Вихрь внезапно свалившейся славы одурманивает меня. Я в очередной раз недооценил чудовищную силу и привлекательность тривии, которая снова и снова с определенной периодичностью переживает всплески популярности. Сегодня на гребне этой волны очутился я. По натуре я человек довольно тихий, непубличный, и мне непросто привыкнуть к тому, что я повсюду привлекаю к себе пристальные взгляды, к просьбам дать автограф или со мной сфотографироваться, к тому, что незнакомцы повсюду тычут пальцами, выкрикивая мое имя (особенно если считать таковым «Чувак из Jeopardy!» или «Эй, Jeopardy!»). Jeopardy! транслируют ранним вечером, когда большинство работающих людей еще не вернулись домой, поэтому целевая аудитория программы — люди около 70 и за 70. У внимательных зрителей такая демографическая картинка не должна вызывать удивление — большая часть рекламного времени в программе отдана клею для зубных протезов, подгузникам для стариков, рецептурным лекарствам и тому подобному. В результате мои походы в супермаркет зачастую затягиваются благодаря встречам с чудесными скрюченными бабулями, мечтающими рассказать мне какой-нибудь особенно длинный и «увлекательный» случай из своей жизни. С детьми веселее — они робко глазеют снизу вверх в то время, как хвастливая мамаша уверяет меня, что ее маленький гений теперь старается усерднее заниматься в школе, чтобы когда-нибудь стать таким же великим и непобедимым чемпионом в Jeopardy!. Я по-настоящему тронут тем, что моя юношеская одержимость Jeopardy! еще жива среди интересующихся математикой и не особенно физически одаренных представителей подрастающего поколения. Будущее тривии в надежных руках!

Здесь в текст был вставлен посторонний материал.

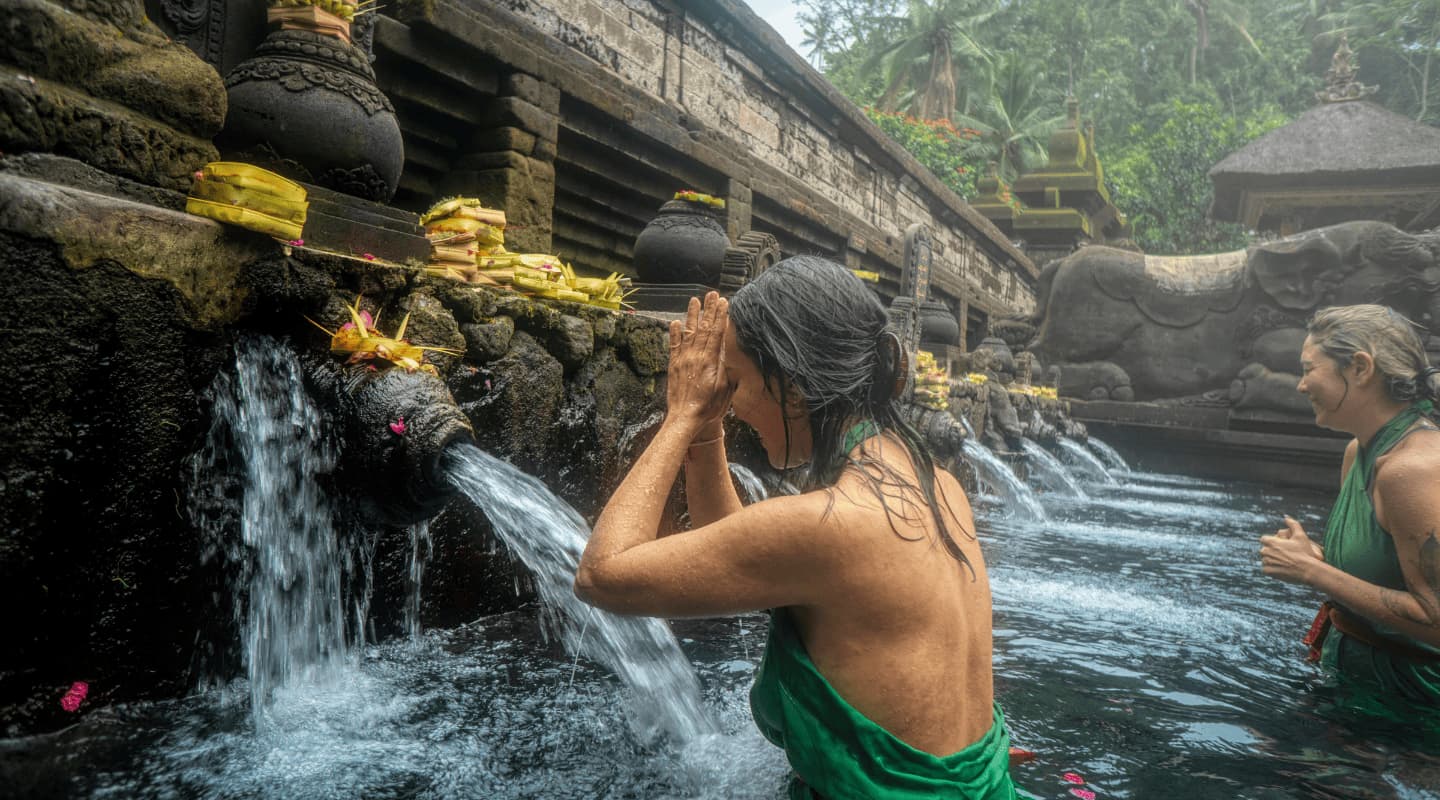 Viajar sola en grupo reducido Bali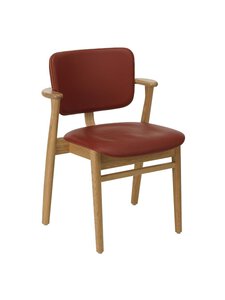 Artek - Domus-tuoli istuin- ja selkänojaverhoiltu Spectrum-nahka terracotta / lakattu tammi - BROWN | Stockmann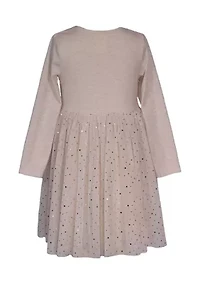 Toddler Girls Pumpkin Appliqué Ballerina Dress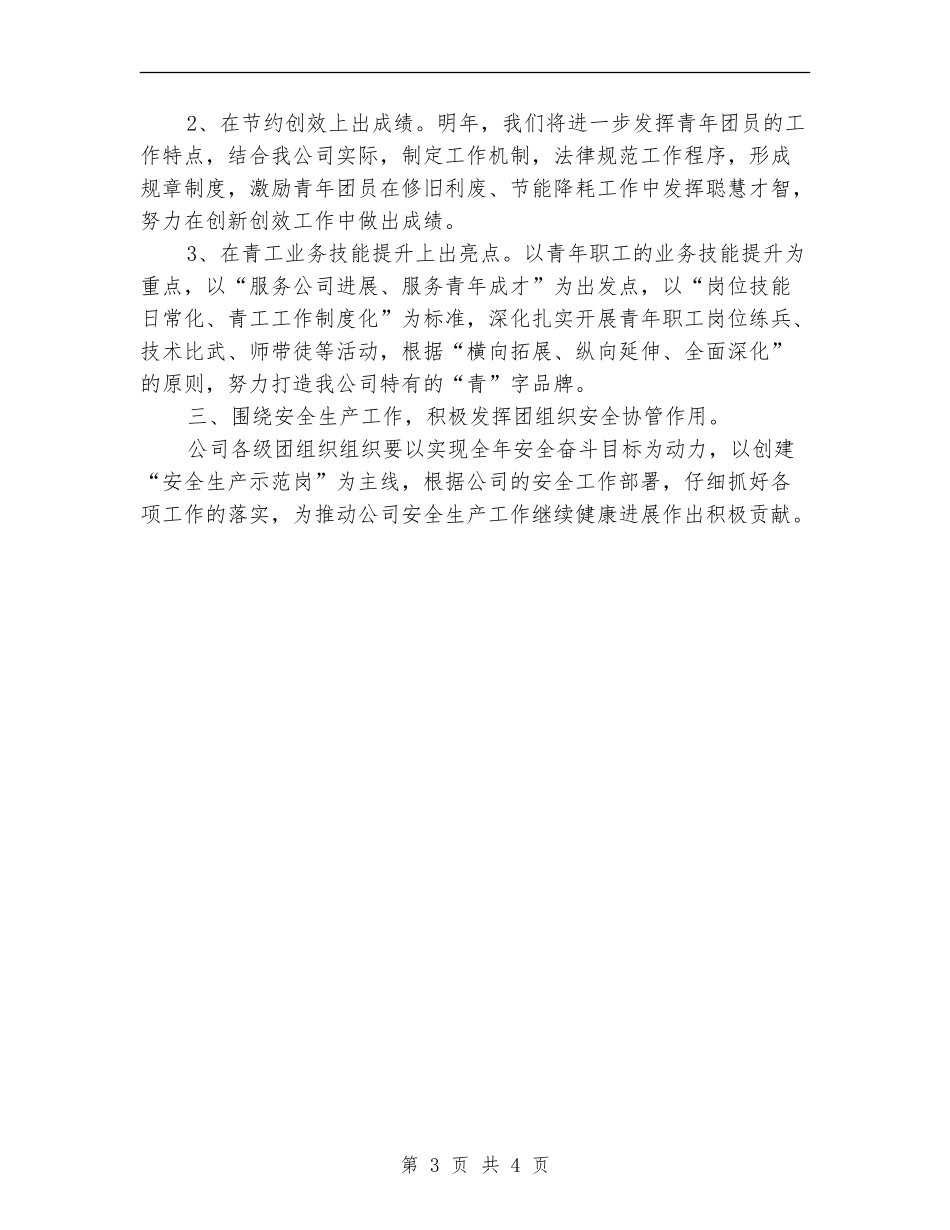 公司团支书5月份工作计划_第3页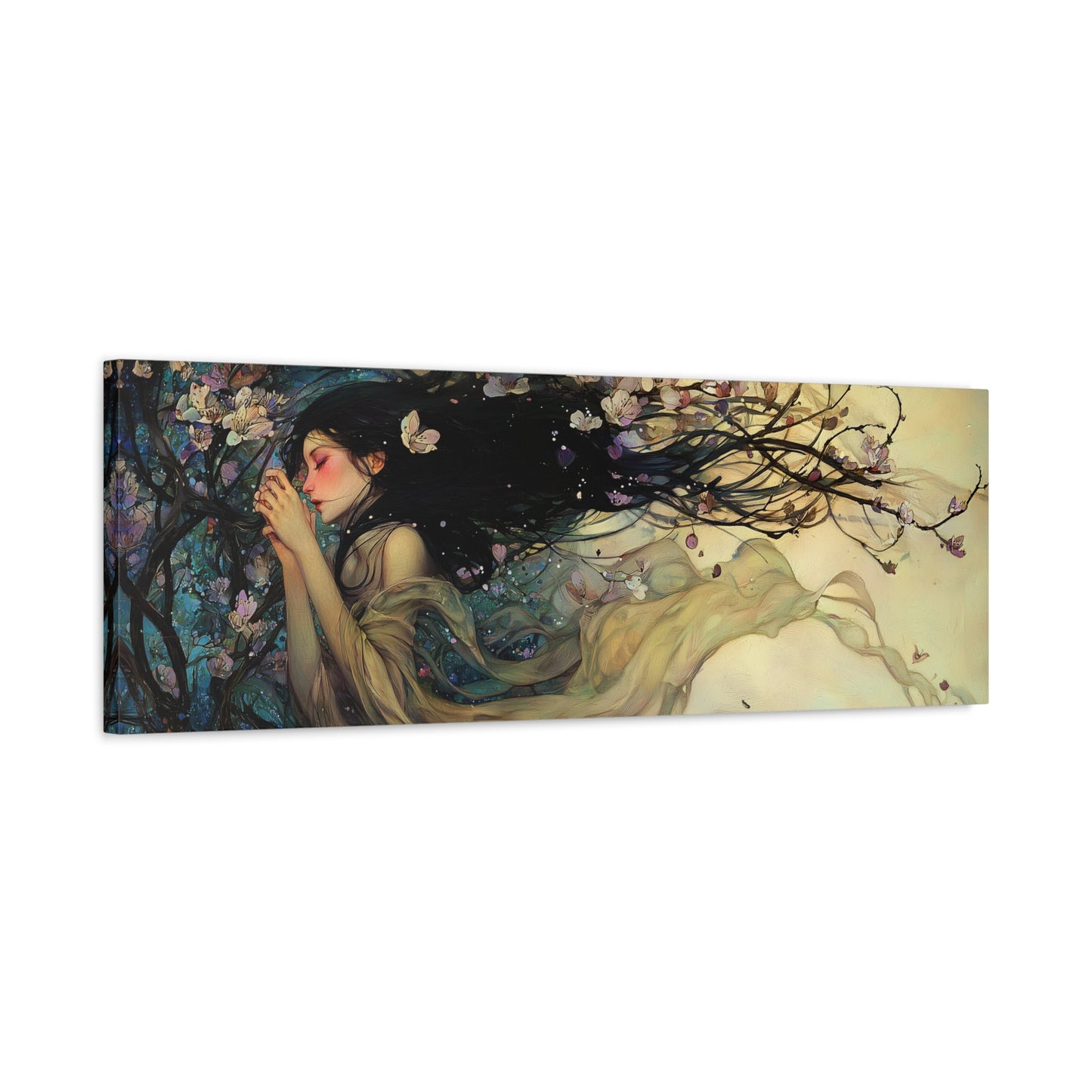 The Slumbering Bloom Canvas Print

Помимо впечатляющей возможности заглянуть за кулисы больших медиа и временного статуса супергероя у подростков, третьим важным пунктом моей «звездной» программы становится встреча со знаменитыми чемпионами телеигр прошлого. Мне было шесть лет от роду в 1980-м, когда Том Макки провел рекордную серию из 43 игр в телешоу Tic Tac Dough. Том был мечтой телевизионного продюсера: красавец-мужчина, пилот военно-морской авиации с тонкими светлыми волосами и пронзительными голубыми глазами, к тому же недавно женившийся на миловидной девушке. По счастливому совпадению он был еще и отличным игроком в тривию, заработавшим за два месяца эфиров призов и наличных денег больше, чем на $300 тысяч. Сейчас Том живет в Мэриленде и занимается недвижимостью. Когда они с женой Дженни пригласили нас с Минди поужинать в Вашингтоне, я встретил слегка поседевшего человека, состригшего свои роскошные мужественные усы — привет из 1980-х. Его речь обильно сдобрена ругательствами, вроде «срань господня», что нисколько не мешает ему перед трапезой покорно воздавать хвалу Господу. Трапезничаем мы посреди неистовой толпы богатеев в стейкхаусе The Palm. Мы с Томом быстро находим общий язык: пока один из нас пересказывает эмоциональные перипетии и траекторию своей победной серии, другой понимающе кивает в ответ. Некоторые тонкости, которых мы касаемся в разговоре, мало кто еще смог бы понять по-настоящему. Самый приятный момент, по словам Тома, состоит в том, что его уже почти десять лет как перестали узнавать на улице.